The results also seem to be relatively generalizable to clinical practice, as the investigators gathered data from many centers and used 10 different hypnotic drug regimens for the general anesthesia. The main proviso is that the conclusions probably do not apply to nitrous oxide– or ketamine-based general anesthesia. This is because the electroencephalographic measures in this article rely on the extraction of information from a single frontal channel. Recently, we have witnessed something of a renaissance in our understanding of the neuronal mechanisms underlying the phenomenon of consciousness.3 It has been suggested that the final common pathway of loss of consciousness for all groups of anesthetic drugs lies in a loss of connectivity between parietal and frontal regions of the brain.4 Thus, we are moving beyond the older heuristically derived measures of electroencephalogram slowing, as typified by the bispectral index and spectral entropy monitors, to a new generation of indices (such as symbolic transfer entropy4 and perturbational complexity index5 ) which attempt to quantify the loss of long-range spatiotemporal complexity that occurs with unresponsiveness. We do not know whether there exists any analysis of the electroencephalographic waveform, derived from a single frontal channel, which could actually reliably correlate with these changes in spatial correlations; but the saturation of the delta wave amplitude is one possible candidate that has been linked to anesthetic mechanisms, as revealed by neuroimaging.6 Another arena of keen interest that is not directly addressed in this article is the development of measures of nociceptive blockade and hence some sort of guide for intraoperative opioid administration.7 Whether the cardiovascular component of the anesthesia multimodal index of consciousness is useful in this respect is not mentioned in the current article.
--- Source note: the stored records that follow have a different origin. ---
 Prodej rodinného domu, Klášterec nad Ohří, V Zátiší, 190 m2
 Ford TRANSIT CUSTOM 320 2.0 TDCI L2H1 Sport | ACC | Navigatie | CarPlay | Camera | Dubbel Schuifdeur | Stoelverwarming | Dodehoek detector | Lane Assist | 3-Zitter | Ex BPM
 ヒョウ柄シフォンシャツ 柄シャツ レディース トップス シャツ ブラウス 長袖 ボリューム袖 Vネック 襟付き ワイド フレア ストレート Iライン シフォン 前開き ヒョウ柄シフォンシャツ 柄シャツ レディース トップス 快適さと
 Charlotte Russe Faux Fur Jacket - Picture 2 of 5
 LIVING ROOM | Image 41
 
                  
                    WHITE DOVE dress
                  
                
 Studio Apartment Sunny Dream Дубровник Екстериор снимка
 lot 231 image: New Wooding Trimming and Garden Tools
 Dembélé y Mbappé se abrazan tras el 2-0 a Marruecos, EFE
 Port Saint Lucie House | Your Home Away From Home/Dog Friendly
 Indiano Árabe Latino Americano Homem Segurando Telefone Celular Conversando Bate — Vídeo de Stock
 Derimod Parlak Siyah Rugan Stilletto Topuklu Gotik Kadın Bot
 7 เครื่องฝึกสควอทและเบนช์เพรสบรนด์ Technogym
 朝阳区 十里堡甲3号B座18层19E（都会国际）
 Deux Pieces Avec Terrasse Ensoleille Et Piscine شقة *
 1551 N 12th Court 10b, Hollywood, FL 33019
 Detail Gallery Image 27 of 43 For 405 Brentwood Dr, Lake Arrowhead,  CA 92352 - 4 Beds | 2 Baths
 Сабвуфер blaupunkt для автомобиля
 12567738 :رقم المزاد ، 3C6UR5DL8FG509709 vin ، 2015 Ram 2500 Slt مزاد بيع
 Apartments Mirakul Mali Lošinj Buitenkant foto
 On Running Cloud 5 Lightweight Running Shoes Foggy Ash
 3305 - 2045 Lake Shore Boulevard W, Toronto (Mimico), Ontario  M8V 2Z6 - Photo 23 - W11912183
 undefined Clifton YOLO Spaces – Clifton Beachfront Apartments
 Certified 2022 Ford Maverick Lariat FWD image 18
The “depth of anesthesia” monitor of the future must surely incorporate a convergence of all three of these streams of development—namely the ability to integrate the electroencephalogram with other exogenous information; the application of techniques derived from scientifically validated understanding of the mechanisms of consciousness; and some index of nociceptive blockade.
The author is not supported by, nor maintains any financial interest in, any commercial activity that may be associated with the topic of this article.